(Extracted records)
———
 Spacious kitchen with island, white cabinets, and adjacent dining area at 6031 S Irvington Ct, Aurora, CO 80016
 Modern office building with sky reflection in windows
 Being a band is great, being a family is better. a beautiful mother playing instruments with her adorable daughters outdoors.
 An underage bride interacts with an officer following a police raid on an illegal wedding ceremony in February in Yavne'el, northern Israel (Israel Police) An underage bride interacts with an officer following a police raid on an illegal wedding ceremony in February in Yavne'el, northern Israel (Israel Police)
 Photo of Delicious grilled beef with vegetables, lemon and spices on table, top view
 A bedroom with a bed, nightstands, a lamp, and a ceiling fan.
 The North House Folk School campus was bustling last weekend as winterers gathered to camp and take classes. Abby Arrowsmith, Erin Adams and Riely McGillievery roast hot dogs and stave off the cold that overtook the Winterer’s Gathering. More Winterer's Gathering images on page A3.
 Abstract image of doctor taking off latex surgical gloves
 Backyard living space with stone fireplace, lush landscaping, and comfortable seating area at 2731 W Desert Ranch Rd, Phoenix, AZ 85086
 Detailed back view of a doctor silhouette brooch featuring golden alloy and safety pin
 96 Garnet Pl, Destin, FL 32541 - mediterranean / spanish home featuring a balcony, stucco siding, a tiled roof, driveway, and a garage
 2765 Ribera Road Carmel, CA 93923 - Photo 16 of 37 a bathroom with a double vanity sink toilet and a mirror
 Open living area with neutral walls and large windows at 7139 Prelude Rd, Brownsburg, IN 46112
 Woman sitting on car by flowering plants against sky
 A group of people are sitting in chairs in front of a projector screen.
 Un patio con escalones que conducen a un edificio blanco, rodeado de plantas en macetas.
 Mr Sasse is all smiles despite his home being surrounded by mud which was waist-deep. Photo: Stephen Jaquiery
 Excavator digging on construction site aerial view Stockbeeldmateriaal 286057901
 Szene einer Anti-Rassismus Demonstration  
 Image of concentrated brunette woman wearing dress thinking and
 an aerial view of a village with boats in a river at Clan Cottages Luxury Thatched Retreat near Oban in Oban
———
• [Exercise details]:
For each line above that carries the word "view", copy it out.

• [Your solution]:
 Photo of Delicious grilled beef with vegetables, lemon and spices on table, top view
 Detailed back view of a doctor silhouette brooch featuring golden alloy and safety pin
 Excavator digging on construction site aerial view Stockbeeldmateriaal 286057901
 an aerial view of a village with boats in a river at Clan Cottages Luxury Thatched Retreat near Oban in Oban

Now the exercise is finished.